There are many out there that think that the hot and cold constitute two different systems but the plumbing code calls both hot and cold part of one potable water system. The plumbing code is very clear that there is only one potable water system and the hot and cold does not constitute two different potable water systems as some seem to believe.

There is also the gray water system that could occur when someone goes on public water while having a well. In this case there would be three water systems in that building.

Understanding the grounding aspect of the requirements of the NEC helps greatly understand the purpose of bonding of metal pipes in a building. We ground (connect to earth) our systems for four reasons which are outlined in 250.4(A)(1).

With metal water pipes in a large city that also has underground metal water pipes the bonding of the metal water pipe gives current a path back to the transformer from which it came in the event of a lost neutral. As many neutrals are lost the bonding of the pipes becomes more important.

Also during a lightning strike when the electrons are accumulating under the surface of earth or vice versa should you believe the event is the other way then the elevated metal anything is in the path of this charge. Being that we handle water all day long then having these metal pipes bonded back to earth keeps them at the same potential.
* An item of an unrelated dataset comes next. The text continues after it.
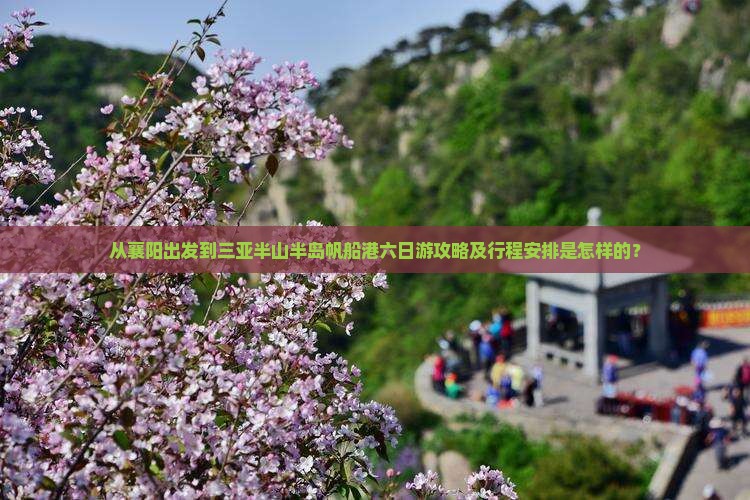 襄阳出发三亚半山半岛帆船港六日游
I could go on with more than just this little bit of information but it does get one into the thought process about the bonding.
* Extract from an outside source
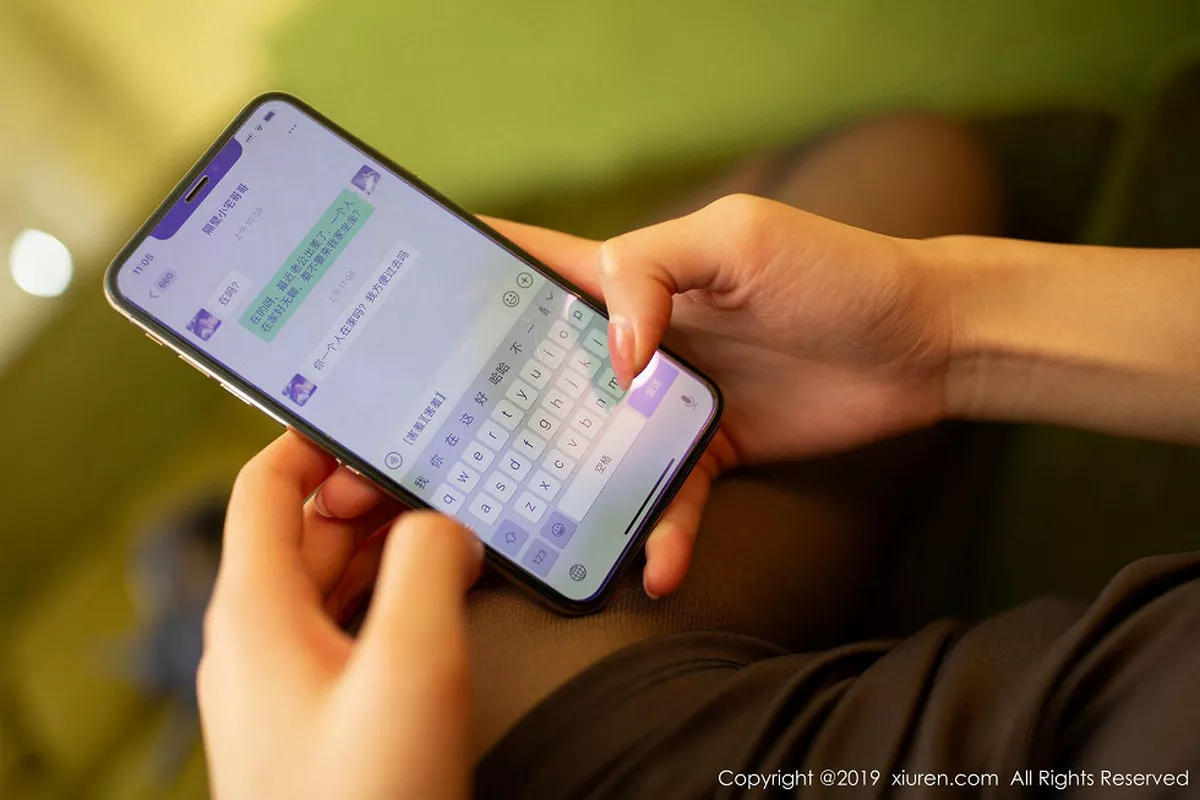 图片[16]-[XiuRen秀人网]第1815期就是阿朱啊写真-秀人资源网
What can’t be expected is to be able to keep the metal water pipes electrically continuous as there is nothing in the plumbing codes that addresses this issue. In other words an electrical system can be inspected today and tomorrow someone replace a section of the metal water pipe and then the bonding is mute.


----------



## jwelectric (Jul 23, 2013)

gfretwell said:
			
		

> 250.104(A) says "metal water piping SYSTEM(S)" not just the first little segment of the cold side. It goes on to describe the jumpers required.No they did not list every place a jumper is required but they do say "system(s)". Unless you think the hot water side is not part of the system, it needs to be bonded.


Metal water piping systems……one potable and one waste water would be systems do you agree.

From the 2002 cycle

250.104 Bonding of Piping Systems and Exposed Structural Steel.
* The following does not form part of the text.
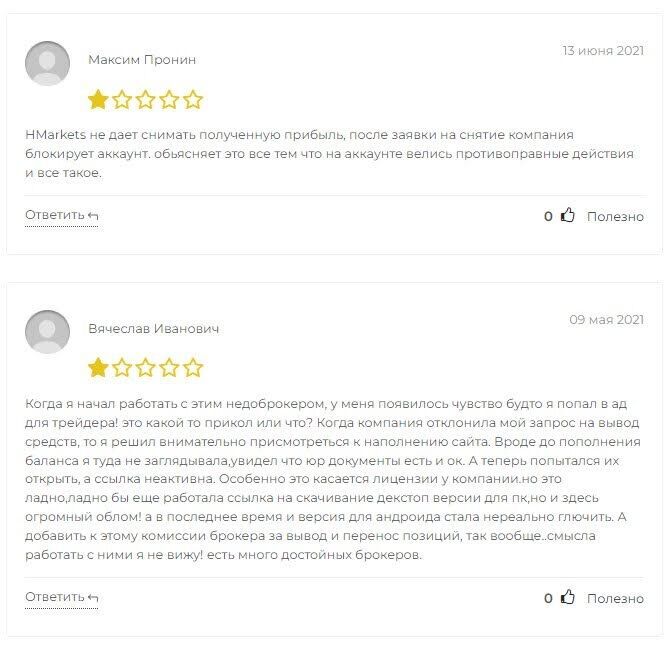 Хантек Маркетс обман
(A) Metal Water Piping. The metal water piping system shall be bonded as required in (1), (2), (3), or (4) of this section. The bonding jumper(s) shall be installed in accordance with 250.64(A), (B), and (E). The points of attachment of the bonding jumper(s) shall be accessible.

(1) General. Metal water piping system(s) installed in or attached to a building or structure shall be bonded to the service equipment enclosure, the grounded conductor at the service, the grounding electrode conductor where of sufficient size, or to the one or more grounding electrodes used. The bonding jumper(s) shall be sized in accordance with Table 250.66 except as permitted in 250.104(A)(2) and (A)(3).

Metal water piping systemS meaning more than one piping system such as potable and waste water

Bonding jumperS one for the potable and the other for the waste

So what is your point?


----------



## jwelectric (Jul 23, 2013)

gfretwell said:
			
		

> Unless you think the hot water side is not part of the system, it needs to be bonded.


Yes it is part of the potable water. When bonding the metal water pipe one could land the bonding jumper on the hot instead of the cold if one choses


----------



## ICE (Jul 23, 2013)

You forgot to remind everybody that the sewer pipe is a grounding electrode.

That's a big deal and I  didn't know that until you pointed it out.  In as much as the code requires all grounding electrodes that are present to be utilized the other codes must apply too.  Within five feet and all of that....could you give us an example of the correct clamp?  Oh and a code section?


----------



## Darren Emery (Jul 23, 2013)

jwelectric said:
			
		

> Metal water piping systemS meaning more than one piping system such as potable and waste water
> 
> Bonding jumperS one for the potable and the other for the waste
> 
> So what is your point?


Or - one hot water piping system, and one cold water piping system, if they are not electrically continuous.   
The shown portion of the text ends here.